### Material provided
• • • •
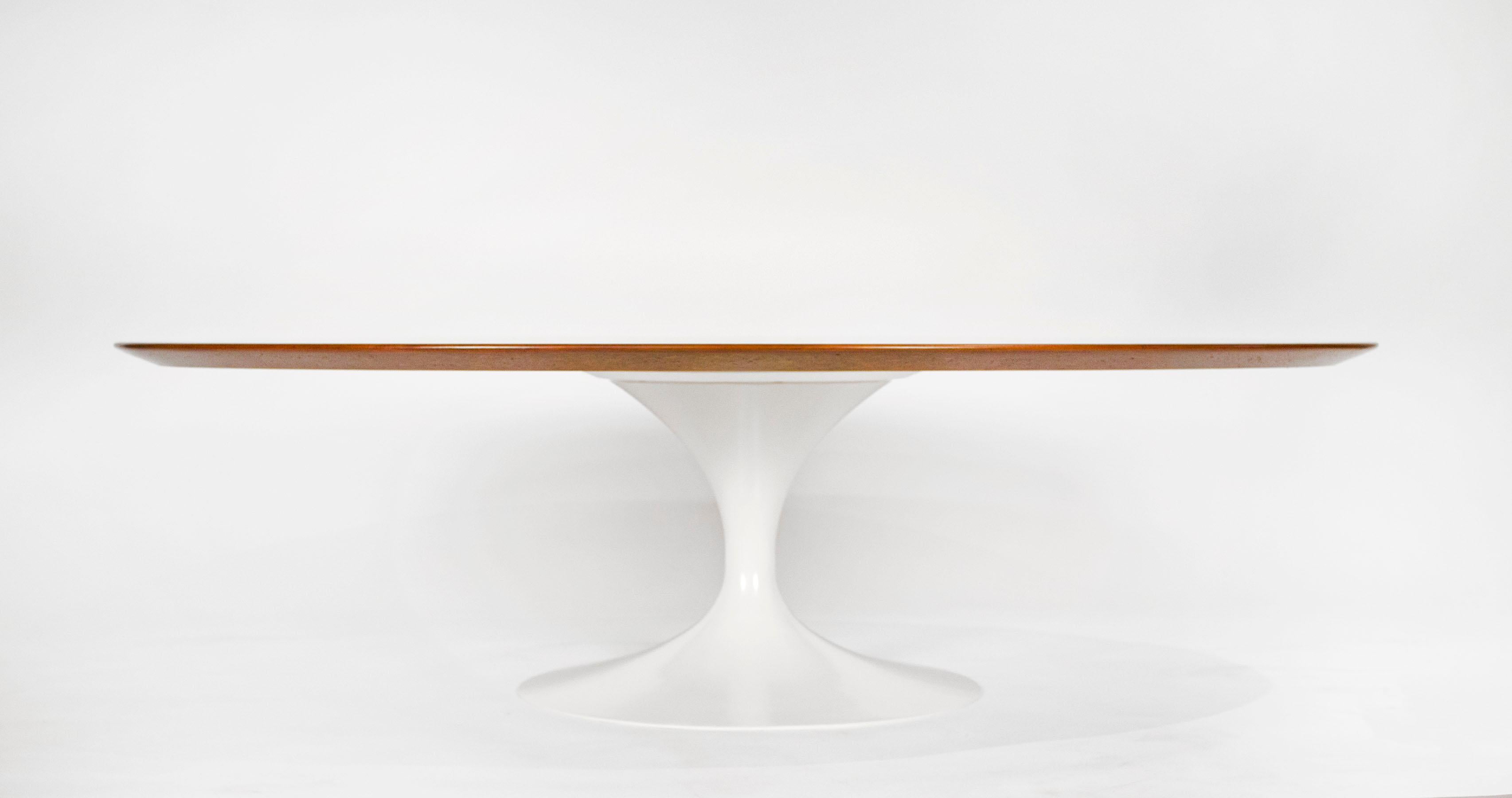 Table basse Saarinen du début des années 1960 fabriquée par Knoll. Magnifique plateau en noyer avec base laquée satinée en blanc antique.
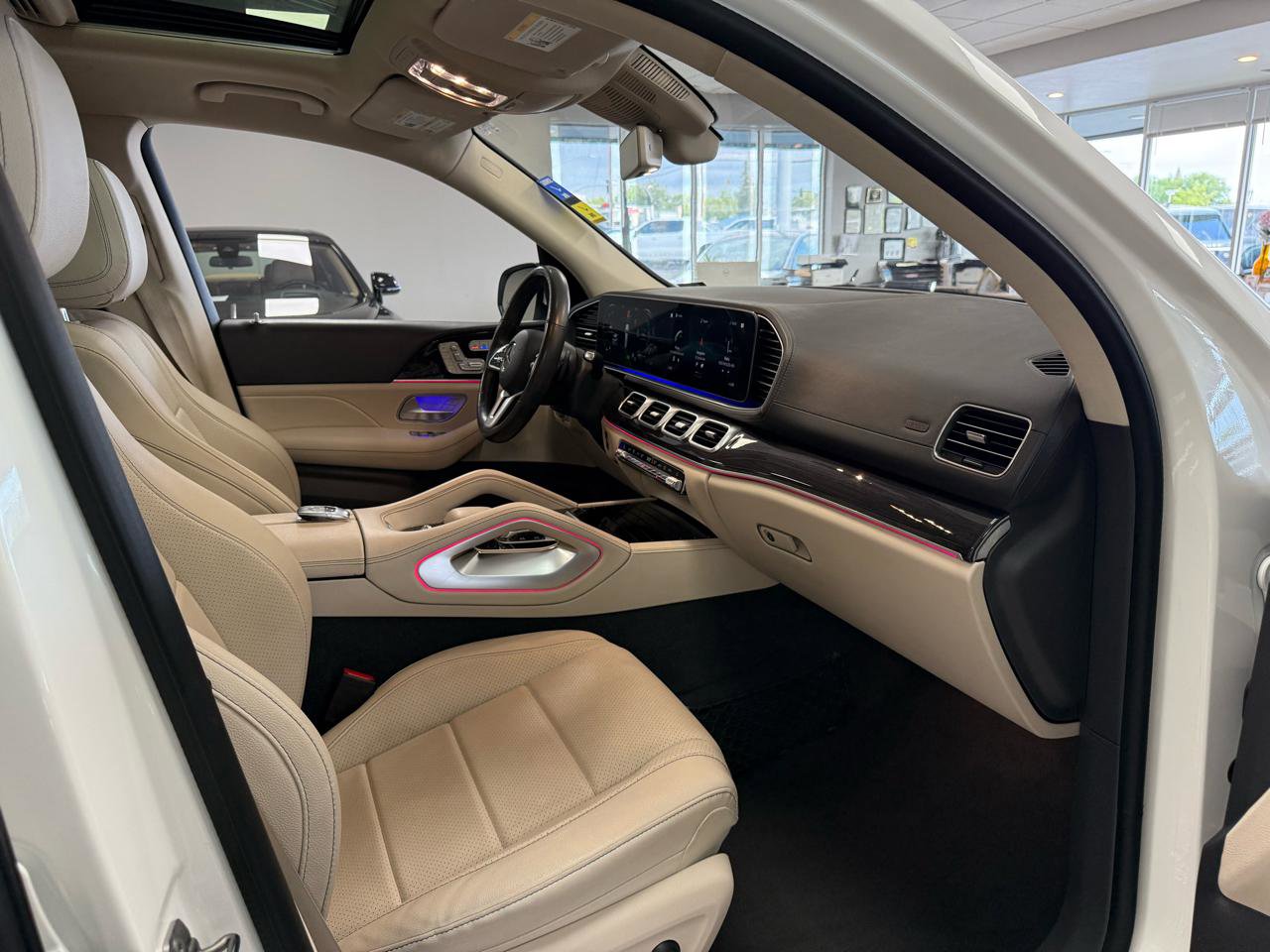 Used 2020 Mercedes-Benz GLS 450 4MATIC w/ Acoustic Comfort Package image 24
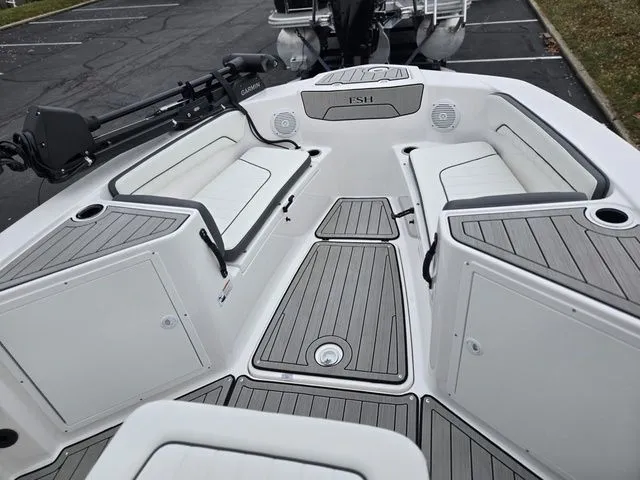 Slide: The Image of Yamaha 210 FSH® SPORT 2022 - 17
• • • •
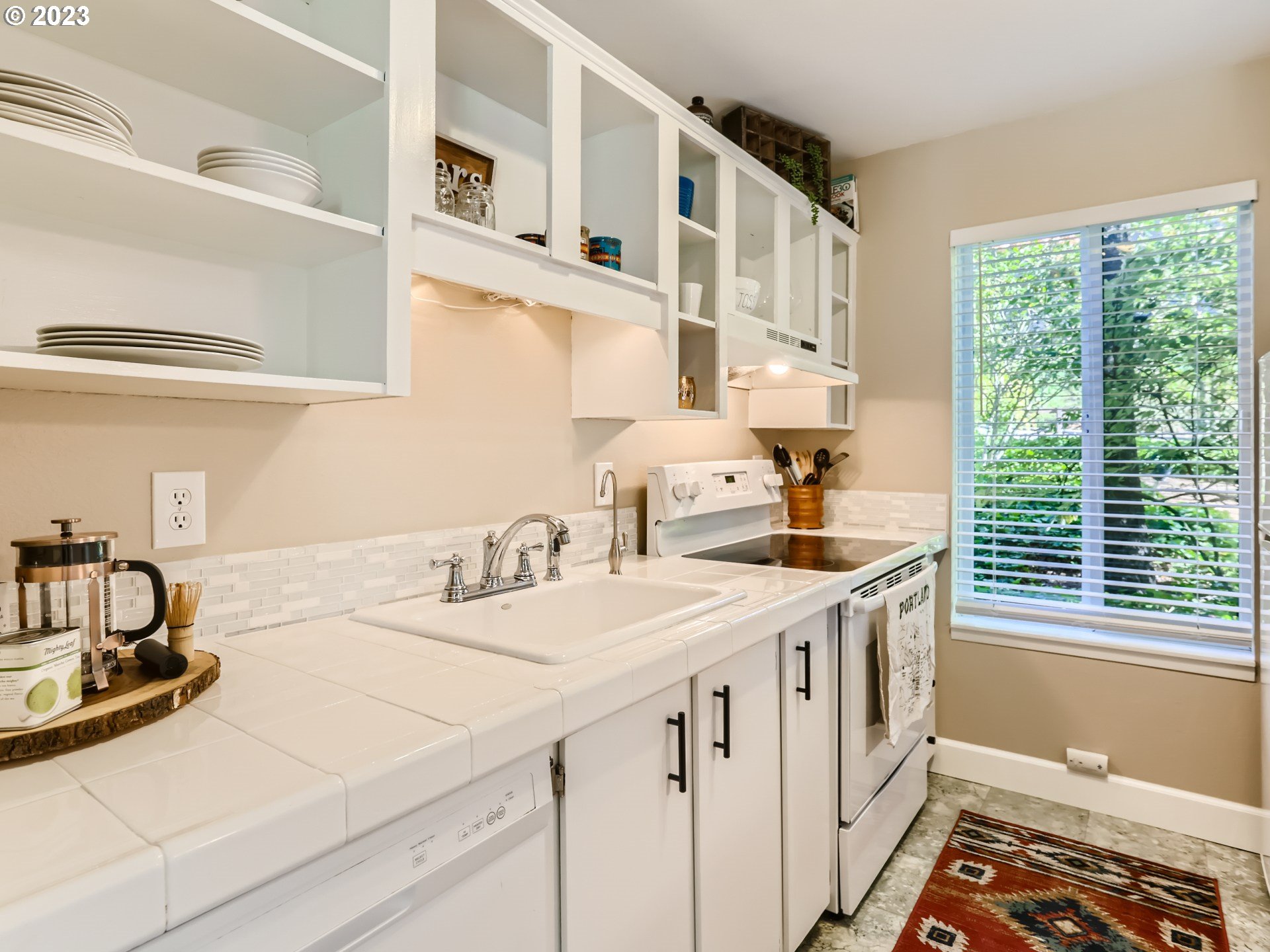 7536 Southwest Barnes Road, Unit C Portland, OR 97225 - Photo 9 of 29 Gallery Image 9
• • • •
### Your task
Copy back exactly the lines above from the one containing "Used 2020 Mercedes-Benz" through the one containing "Slide: The Image", and leave every picture behind.

### Response to the exercise
 Used 2020 Mercedes-Benz GLS 450 4MATIC w/ Acoustic Comfort Package image 24
 Slide: The Image of Yamaha 210 FSH® SPORT 2022 - 17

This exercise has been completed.